Hyperparathyroidism after external radiation was first reported in 1975 (29), and many additional cases were subsequently reported (30). Hyperparathyroidism has also been reported after RAI exposure. Colaço et al. (31) cared for 11 patients with hyperparathyroidism after RAI therapy and he also found an additional 36 cases in the medical literature.
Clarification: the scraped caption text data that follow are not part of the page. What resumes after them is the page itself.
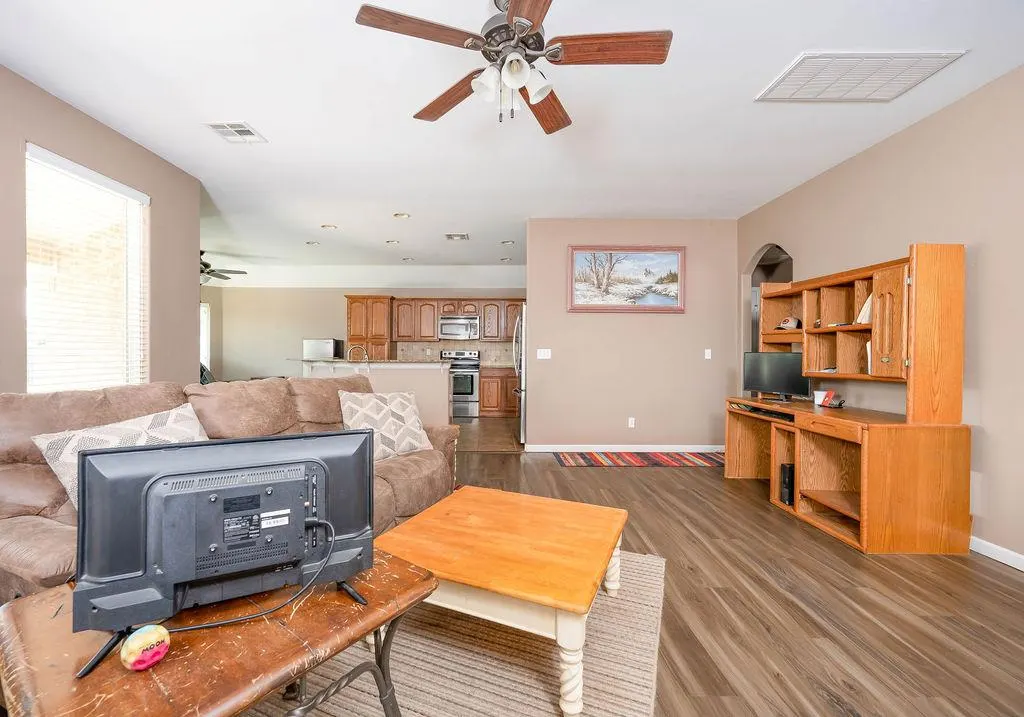 Photo 8 — 402 E Kinder Wells Boulevard, Perkins, OK 74059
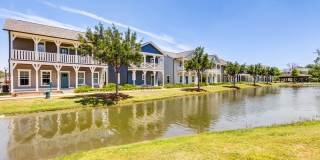 Student Housing - Arlington Townhomes and Cottages Gallery 23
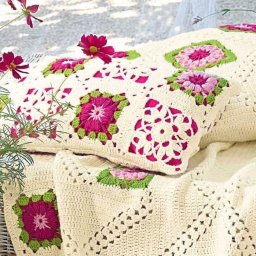 Вяжем крючком подушку из квадратных мотивов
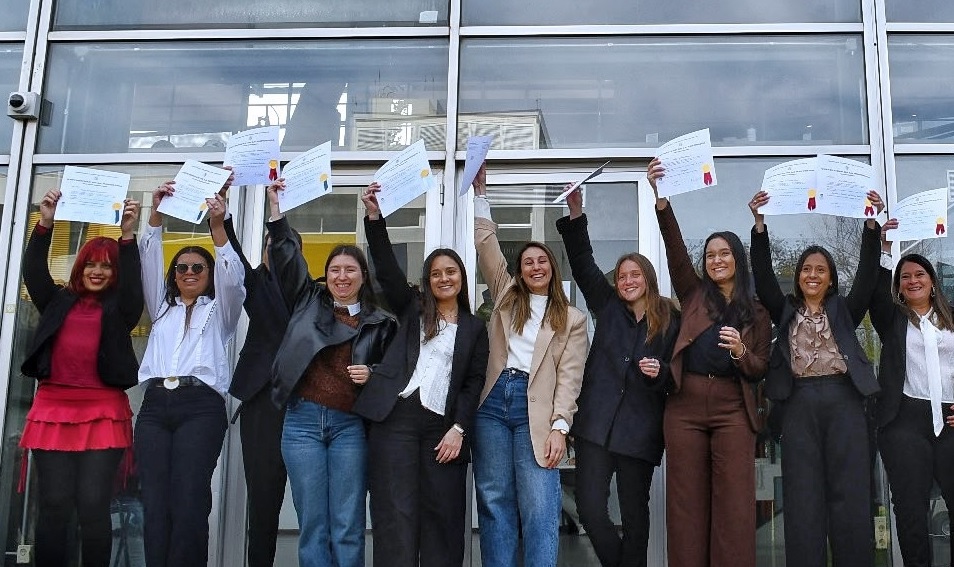 Nueva entrega de títulos  universitarios en la sede Salto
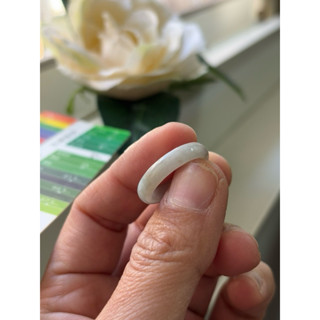 內徑17，國際戒圍12，no967，玉到愛，白加錦鯉紅翡翠戒指（戒圈），挺可愛，完美無紋，保證緬甸玉A貨翡翠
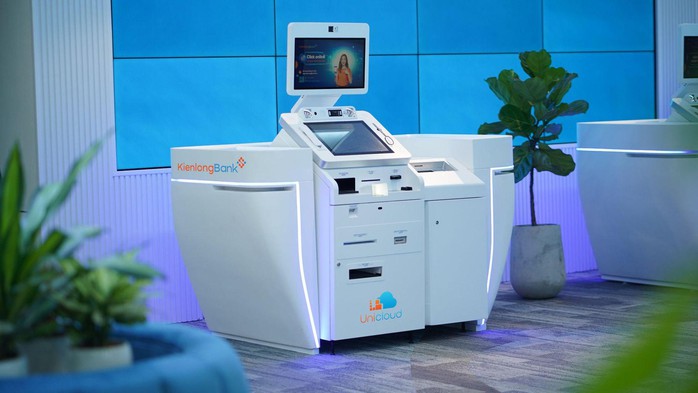 KienlongBank hỗ trợ vùng sâu, vùng xa các hoạt động giáo dục và tác vụ ngân hàng, dịch vụ công - Ảnh 7. KienlongBank hỗ trợ vùng sâu, vùng xa các hoạt động giáo dục và tác vụ ngân hàng, dịch vụ công - Ảnh 7.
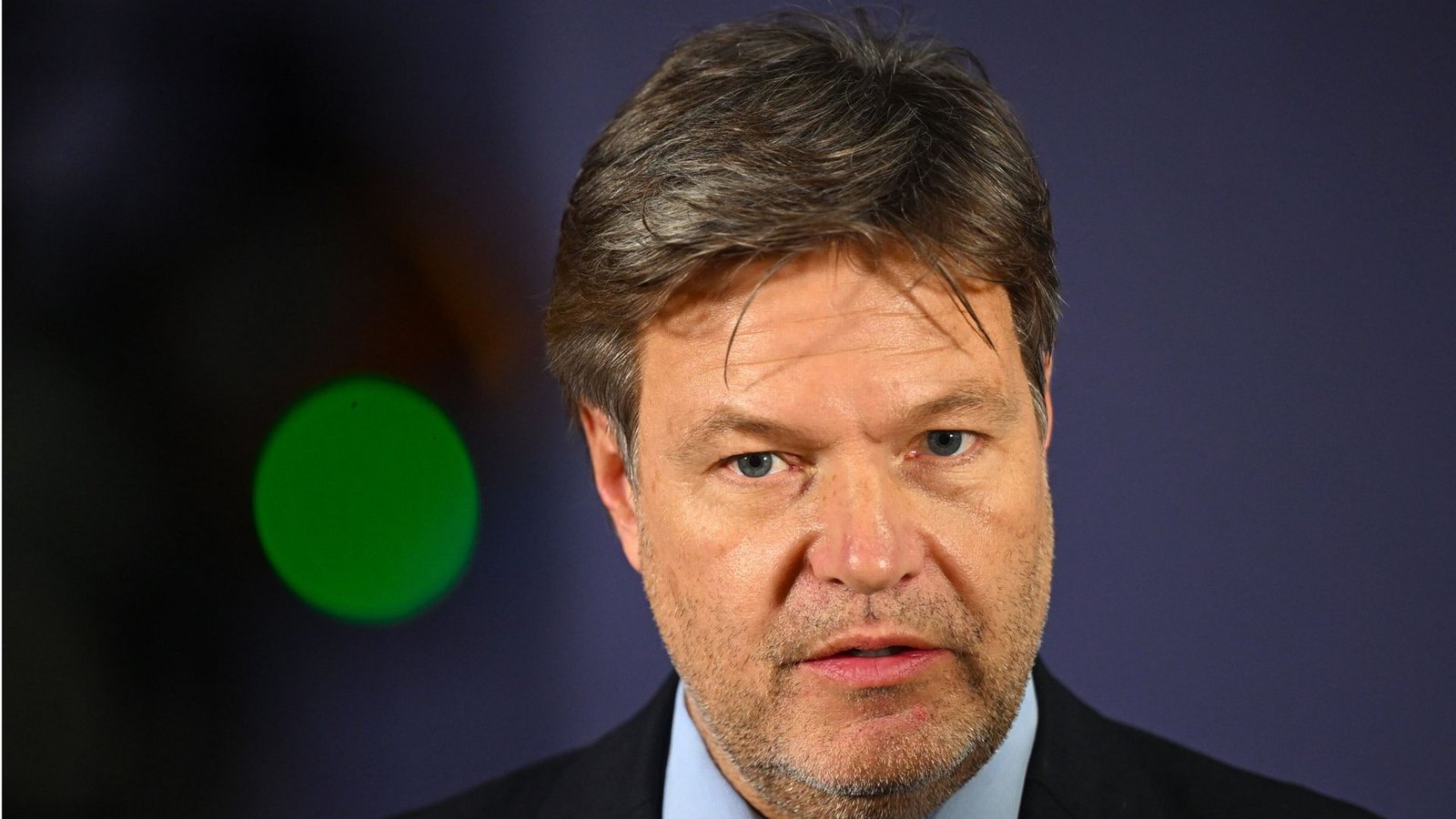 Vizekanzler Habeck hat eine Strategie vorgestellt, wie industrielle Sektoren klimaneutraler werden können.Foto: dpa/Soeren Stache Vizekanzler Habeck hat eine Strategie vorgestellt, wie industrielle Sektoren klimaneutraler werden können.Foto: dpa/Soeren Stache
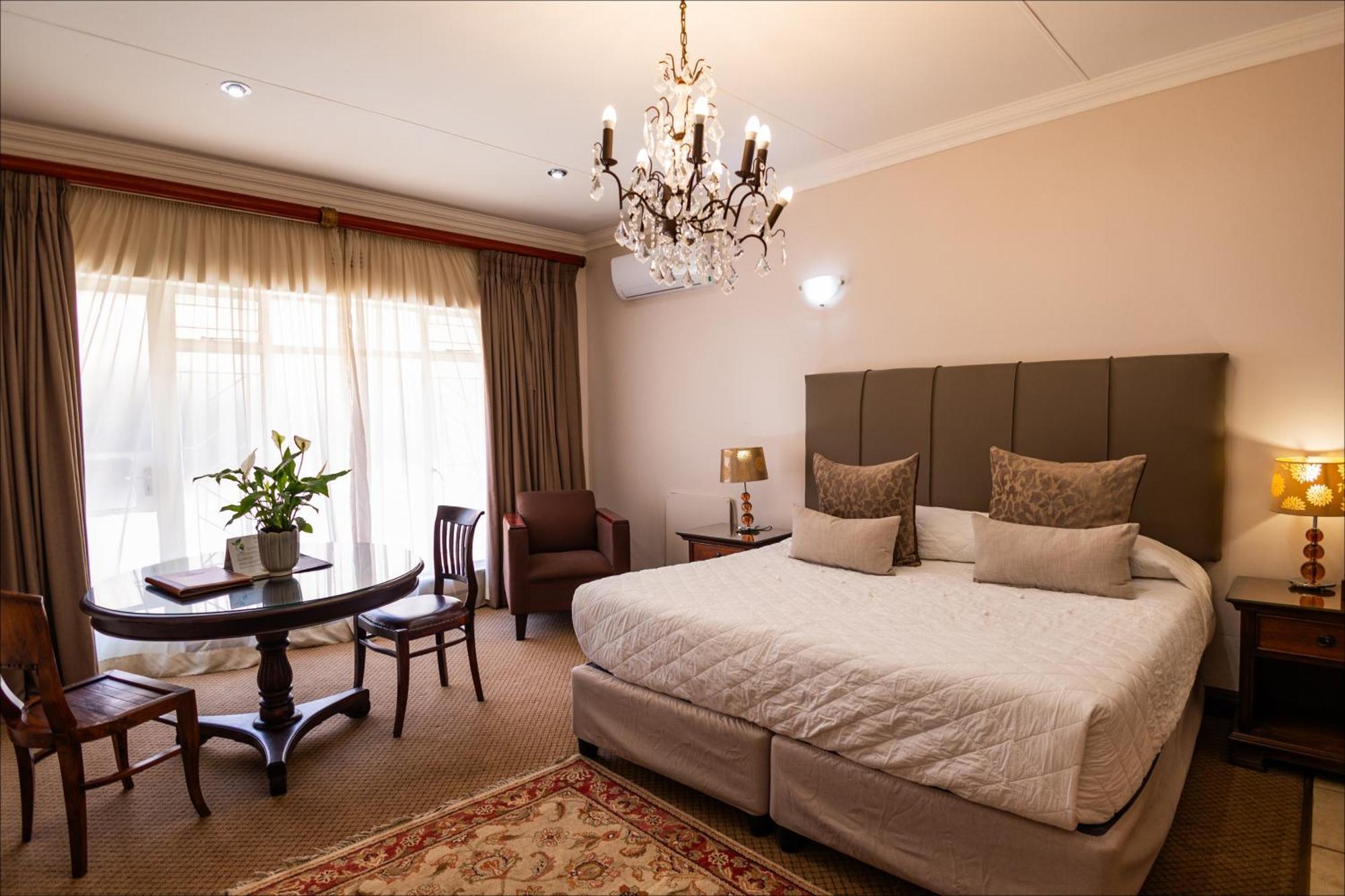 Scott'S Manor Guesthouse Function And Conference Venue Lichtenburg Bagian luar foto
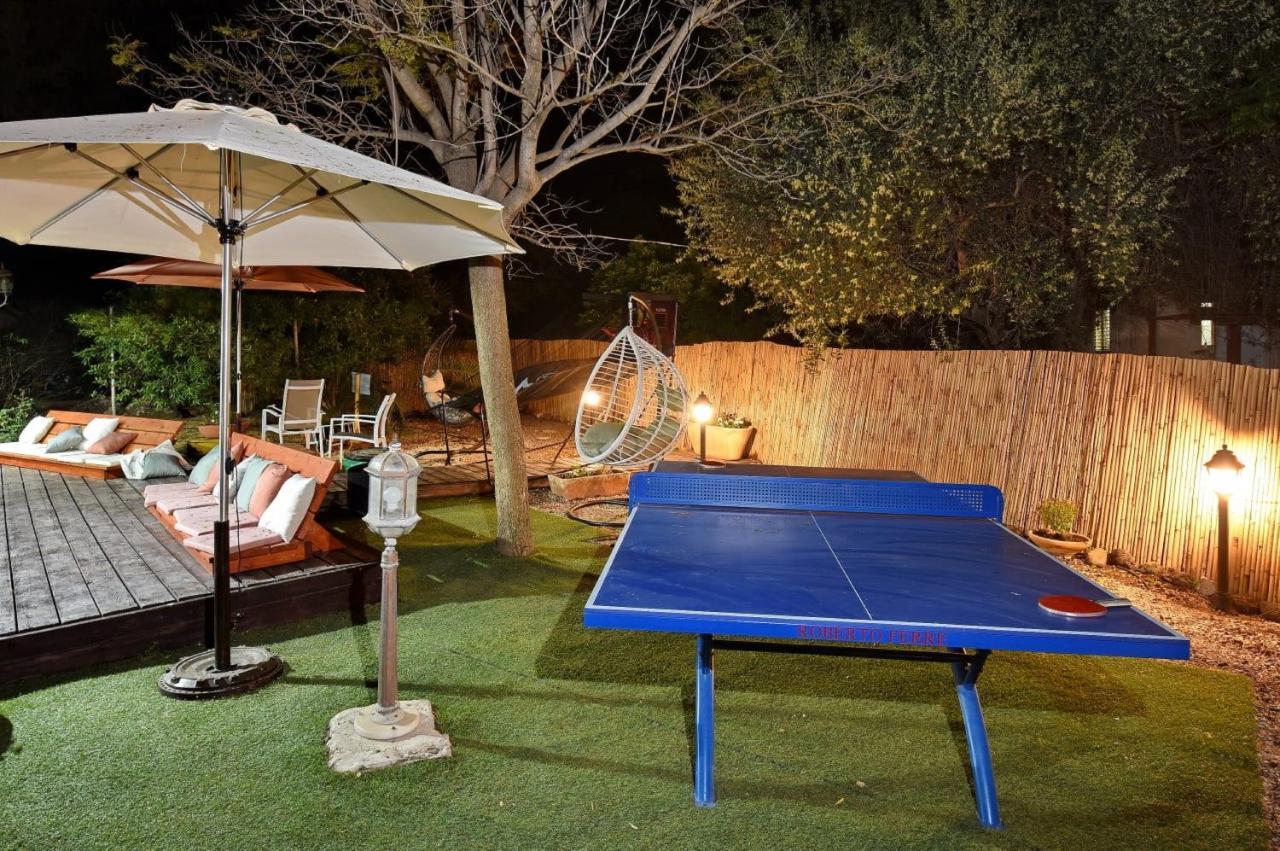פינה במעיין Villa Mishmār Hāyardin Exteriör bild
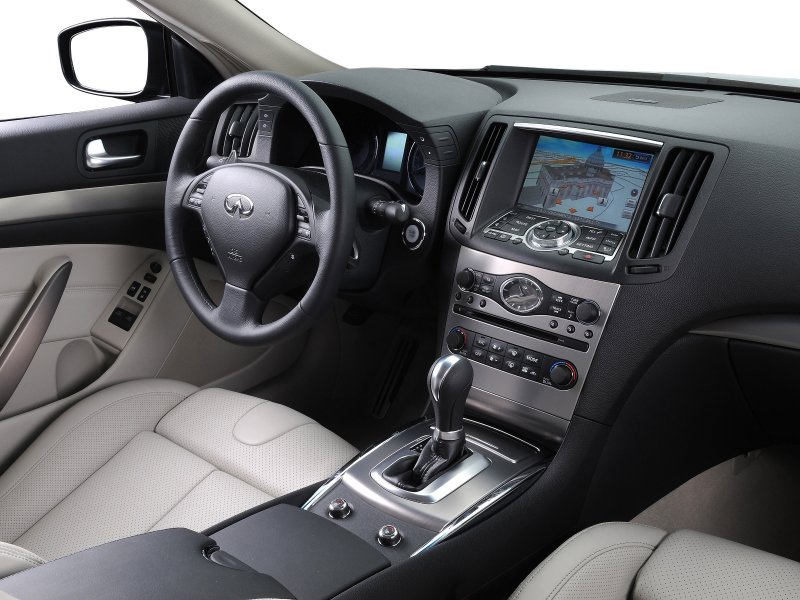 Инфинити qx70 белый салон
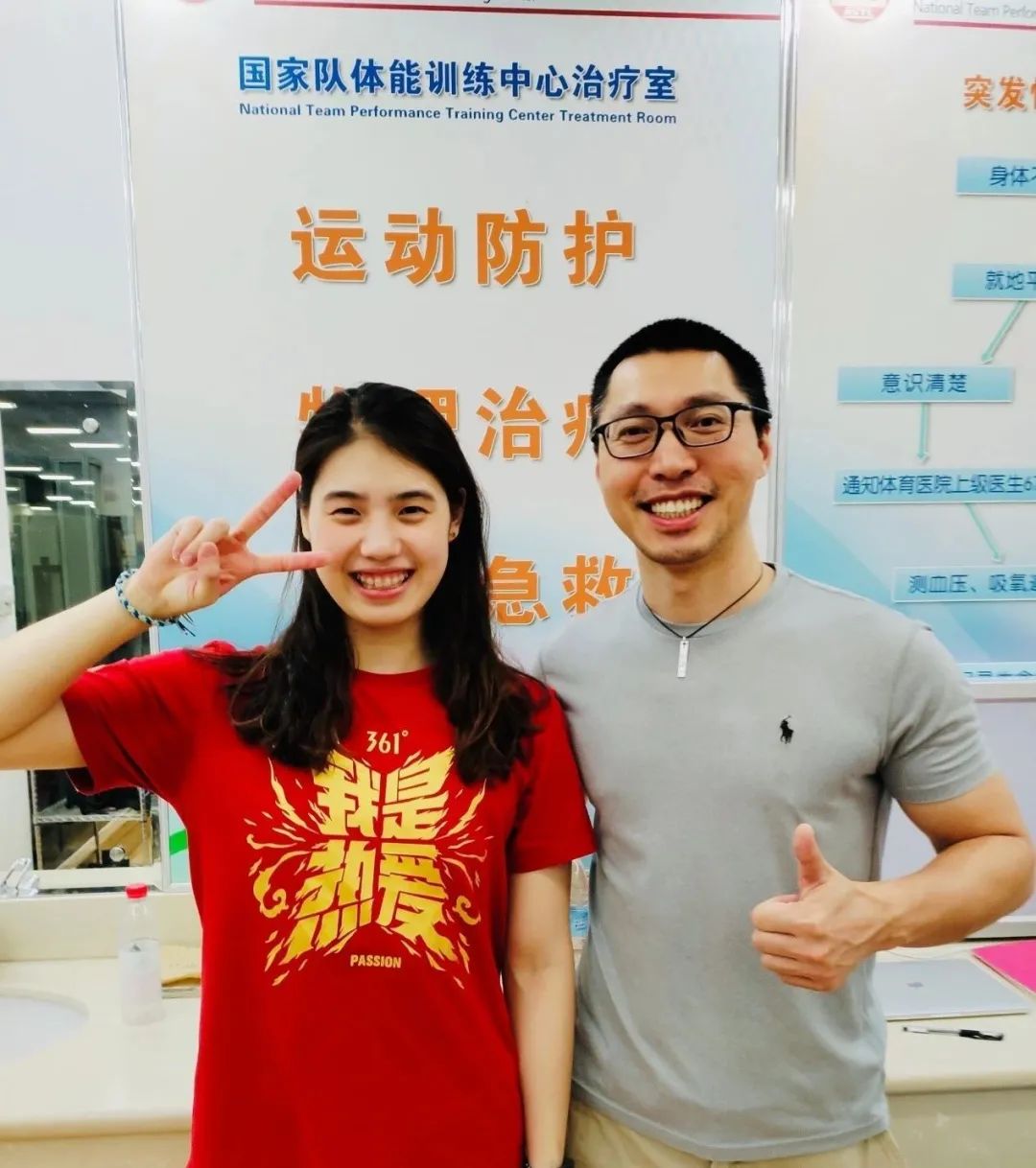 游泳比赛张雨霏_游泳冠军张雨霏游泳训练视频_游泳冠军张雨菲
Of 37 cases where the pathology was known, only 4 had parathyroid hyperplasia (as was reported from our patient's initial surgery), 2 had double adenomas, and the remainder had a single adenoma. The mean latency between RAI and the diagnosis of hyperparathyroidism was 13.5±9.1 years. The latency was inversely correlated with the age at radioactive exposure. The youngest patient treated with RAI who later developed hyperparathyroidism was treated at age 8 and developed hyperparathyroidism at age 36.

In 1941, our patient's hypercalcemia without hypophosphatemia was likely due to hyperthyroidism. She was subsequently found to have enlarged hyperplastic parathyroid glands in 1958, 17 years after RAI therapy. No preoperative serum calcium was reported, and the patient developed tetany postoperatively. In 1996, the patient subsequently developed hyperparathyroidism requiring surgery to remove a enlarged parathyroid gland. The precise onset of her hyperparathyroidism is unknown. It is possible that her hyperparathyroidism was a consequence of her RAI therapy.

This case opens a window into the early history of RAI. The patient's experience of receiving RAI therapy at age 9 became an indelible part of her life and memory. She ultimately required surgery for recurrent hyperthyroidism and later for hyperparathyroidism. Nodular thyroid disease as well as hyperparathyroidism were possible consequences of her RAI therapy. We have learned a great deal about the benefits and risks of RAI in treating Graves' disease in the last 71 years, but there are still some questions about the safety of RAI in childhood that have yet to be answered.